* **Work to complete**
Each line below either holds the string "binding" or doesn't. Count those that do and give only the number.

* **Exercise materials**
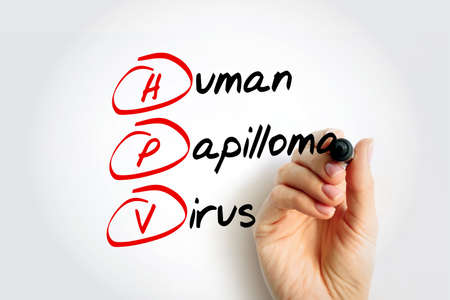 HPV - Human Papilloma Virus acronym with marker, medical concept backgroundの写真素材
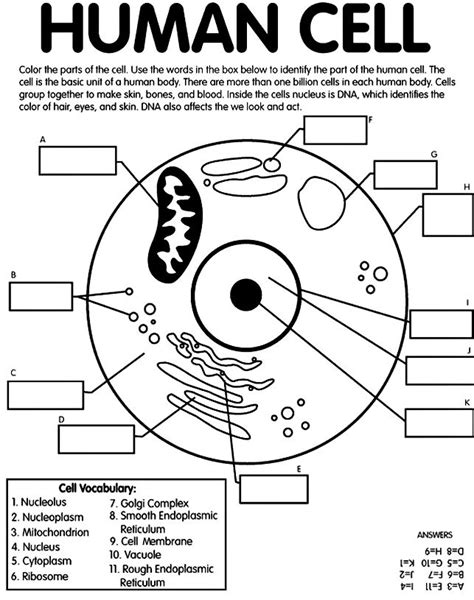 Human Cell On Crayola Science Cells Cells Worksheet Science Lessons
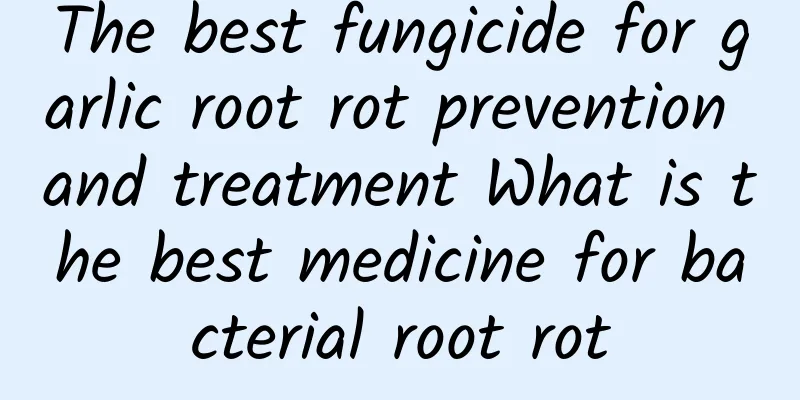 The best fungicide for garlic root rot prevention and treatment What is the best medicine for bacterial root rot
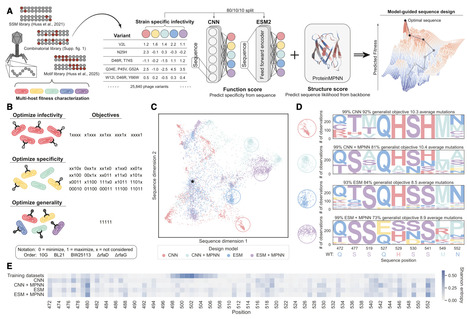 Multiobjective learning and design of bacteriophage specificity | csys | RMH | Scoop.it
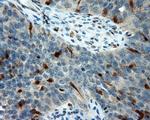 LIPG Antibody in Immunohistochemistry (Paraffin) (IHC (P))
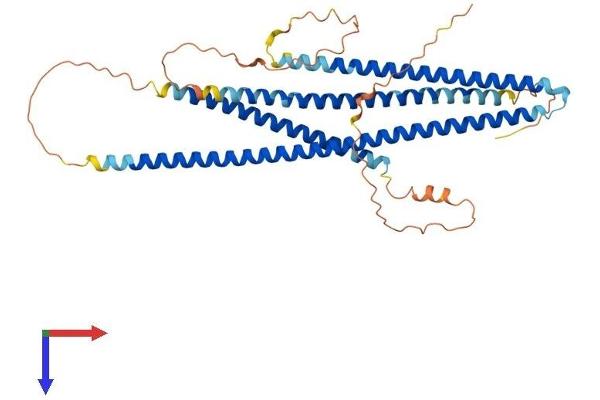CCDC78 Protein (AA 1-437) (His tag)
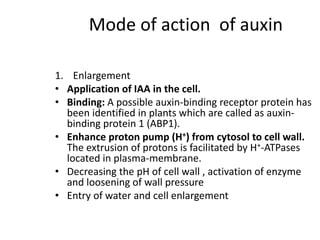 Mode of action of auxin
1. Enlargement
• Application of IAA in the cell.
• Binding: A possible auxin-binding receptor protein has
been identified in plants which are called as auxin-
binding protein 1 (ABP1).
• Enhance proton pump (H+) from cytosol to cell wall.
The extrusion of protons is facilitated by H+-ATPases
located in plasma-membrane.
• Decreasing the pH of cell wall , activation of enzyme
and loosening of wall pressure
• Entry of water and cell enlargement
 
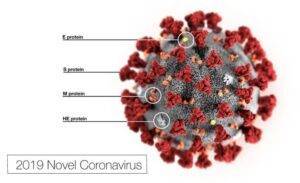  Immagine del nuovo Coronavirus SARS-COV2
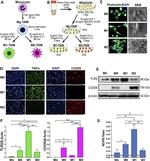 TLR2 Antibody in Western Blot (WB)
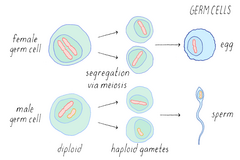 <p>Sex chromosomes- One pair in human body, determine sex</p><p>Autosomes- 22 pairs in human body; nonsex chromosome</p><p>Gametes- haploid cells (sperm and egg)</p><p>Germ cells- diploid cells that divide and increase by mitosis and differentiate into gametocytes </p><p>Gametocytes- eukaryotic differentiated germ celsl that can undergo meiosis to produce gametes</p><p>Somatic- all body sells excluding gametes. Diploid in humans</p>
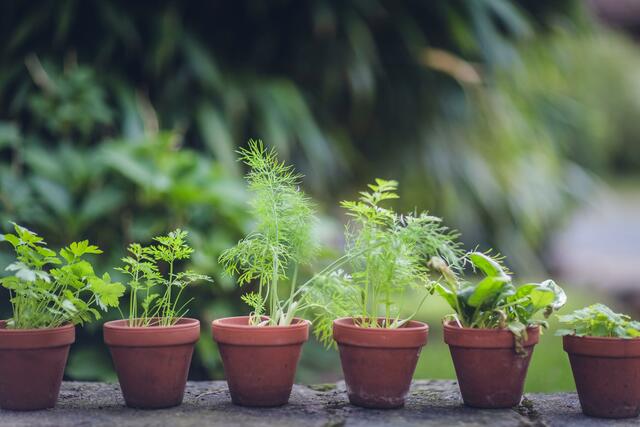 Urban Gardening und Pop-Up Gardening liegen voll im Trend: Immer mehr TirolerInnen bauen im eigenen Garten, am Balkon oder auf gepachteten Feldern ihr eigenes Obst und Gemüse an. | Foto: unsplash/Markus Spiske 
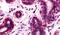 G Protein-Coupled Receptor Class C Group 5 Member A antibody, PA5-33798, Invitrogen Antibodies, Immunohistochemistry frozen image 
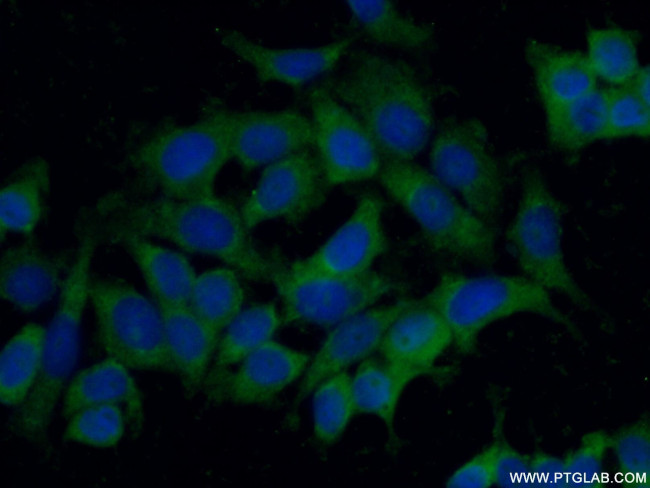 STARD13 Antibody in Immunocytochemistry (ICC/IF)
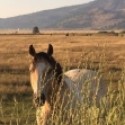 Dangerous Horse Virus Found in Canyon County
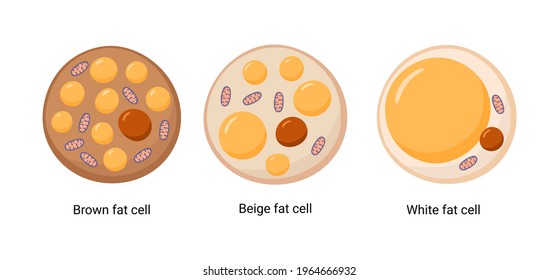 Set Of Brown, Beige And White Fat Cells. Illustration Of Adipose Tissue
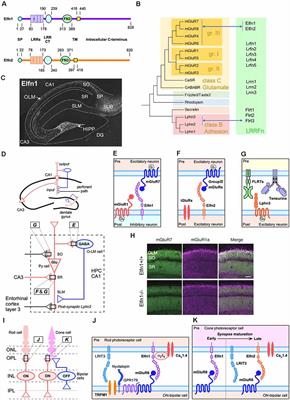 Trans-Synaptic Regulation of Metabotropic Glutamate Receptors by Elfn Proteins in Health and Disease
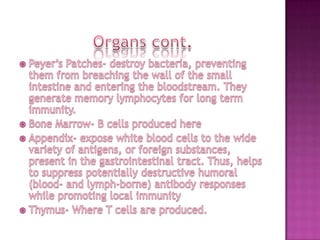 Organs cont.Peyer’s Patches- destroy bacteria, preventing them from breaching the wall of the small intestine and entering the bloodstream. They generate memory lymphocytes for long term immunity. Bone Marrow- B cells produced hereAppendix- expose white blood cells to the wide variety of antigens, or foreign substances, present in the gastrointestinal tract. Thus, helps to suppress potentially destructive humoral (blood- and lymph-borne) antibody responses while promoting local immunityThymus- Where T cells are produced.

* **The answer**
2